Silo Road sounds like a scene out of Scott Cooper’s Crazy Heart, the road-worn saga of Bad Blake touring bowling alleys and dance halls across the southwest. They’re here to show off their new album Signal Hill.

Silo Road honed their sound at their Sunday night residency at Austin’s hipster alt-dancehall The White Horse.

“There’s a whole scene essentially that exists,” Bassist Brendan Smith said about the White Horse. “A venn diagram of musicians, and dancers, and venues. In the middle is this sweet spot.”

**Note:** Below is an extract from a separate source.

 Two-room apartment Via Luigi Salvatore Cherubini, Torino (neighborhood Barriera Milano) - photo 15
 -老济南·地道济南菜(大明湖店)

The record is everything Billy Broome always knew he could be. It’s got that rich southern tone that feeds the alligator filled bayous and farm-to-market barbecue joints. His sound is a nod to his hero Doug Sahm of Texas Tornados fame.

“He’s like that missing link guy you know?” Broome said. “Especially the bridging of Texas music into the rest of the U.S.”

Broom grins with a proud smile as he reminisces about Sahm recording albums on the Antone’s record label. The Record Store opened in 1987 across from Clifford Antone’s former music venue location that brought the likes of Albert Collins and Buddy Guy to the University of Texas neighborhood.

“I hope that people feel the same way that I do about Signal Hill,” Broome said. “That we captured a live moment in a bottle.”